In the summer of the following year the queen had another interview with Knox, in which, finding that he could not be moved by her authoritative expostulations, she adopted the more insiduous policy of treating him with seeming kindness and condescension, and at the close of the interview promising that she would act upon his advice with regard to certain matters affecting the religious condition of the country. The report which he gave to the people of the queen's sentiments operated in her majesty's favour, and for some time he cherished the hope that her mind was becoming more inclined to the reformed religion. Her subsequent conduct dissipated the pleasing deception. By cunning maneuvering she persuaded the parliament, which assembled shortly afterwards, to pass measures dangerous in the highest degree to the interests of Protestantism, and prejudicial to the liberties of her subjects.

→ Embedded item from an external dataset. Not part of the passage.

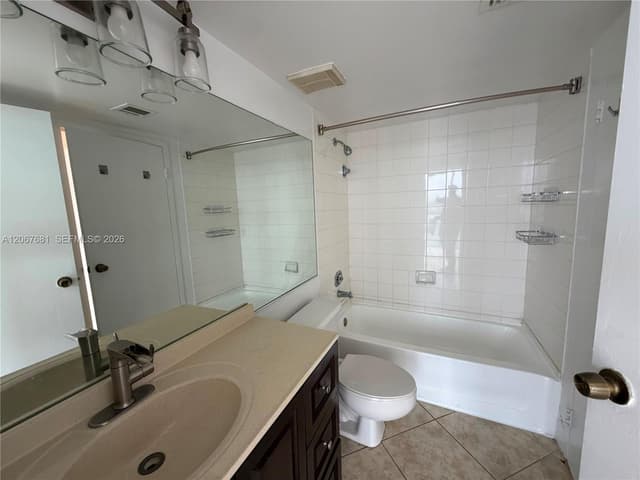 7601 E Treasure Dr # 2007, North Bay Village FL 33141 - North Bay Village, FL - Photo 7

The last interview Knox had with the queen arose from his having, in one of his sermons, referred to the public rumour of her projected marriage with a popish husband, and predicting that if allowed to take place it would be the source of many grievous troubles to the nation. The intelligence having been conveyed to her majesty he was instantly summoned to the palace. He found her agitated with anger and grief. Never had prince been so handled (she exclaimed), as she was. She had borne with all his hard speeches, she had sought his favour by every means, she had offered him audience whenever he had pleased to admonish her of her faults; “And yet," said she, "I cannot be quit of you. I vow to be revenged." While uttering these words she burst into a flood of tears. After her passion had somewhat subsided, and she had composed herself, Knox proceeded to make his defence. He said, her grace and he had at different times been engaged in controversy, but he never before perceived her to be offended with him. When it pleased God to deliver her from the bondage of error in which she had been brought up, he trusted that her

majesty would not find the freedom of his tongue offensive. Out of the pulpit he believed few people found occasion to complain of him; but there he was not his own master and was obliged to obey Him who commanded him to speak plainly and to flatter no flesh on the face of the earth. "But what have you to do with my marriage?" demanded the queen. The reformer was proceeding to state the extent of his commission when the queen interrupted him by repeating the question-"What have you to do with my marriage? and what are you in this Commonwealth?" "I am a subject born within the same, madam,” replied the reformer; " and albeit I be neither earl, lord, nor baron in it, yet has God made me a profitable member within the same. Yea, madam, to me it appertains to forewarn of such dangers as may hurt it if I foresee them, as much as it doth to any of the nobility; for both my conscience and vocation require plainness of me. And therefore, madam, to yourself I say that which I spake in public place: Whensoever the nobility of this realm shall consent that you be subject to a popish husband, they do as much as in them lieth to renounce Christ, to banish the truth from them, to betray the freedom of the realm, and perchance shall in the end do small comfort to yourself." The queen now began to sob and weep with great violence, the reformer remaining silent till she became composed. He then solemnly protested that he did not delight in the distress of any creature, that he could not see his own boys weep without pain, and that far less could he rejoice in the tears of her majesty; but that seeing he had given her no just cause of offence and had only discharged his duty, he was constrained to bear her majesty's tears rather than offend his conscience or betray the interests of the Commonwealth. These words enflamed her majesty still more, and she ordered Knox instantly to leave her presence.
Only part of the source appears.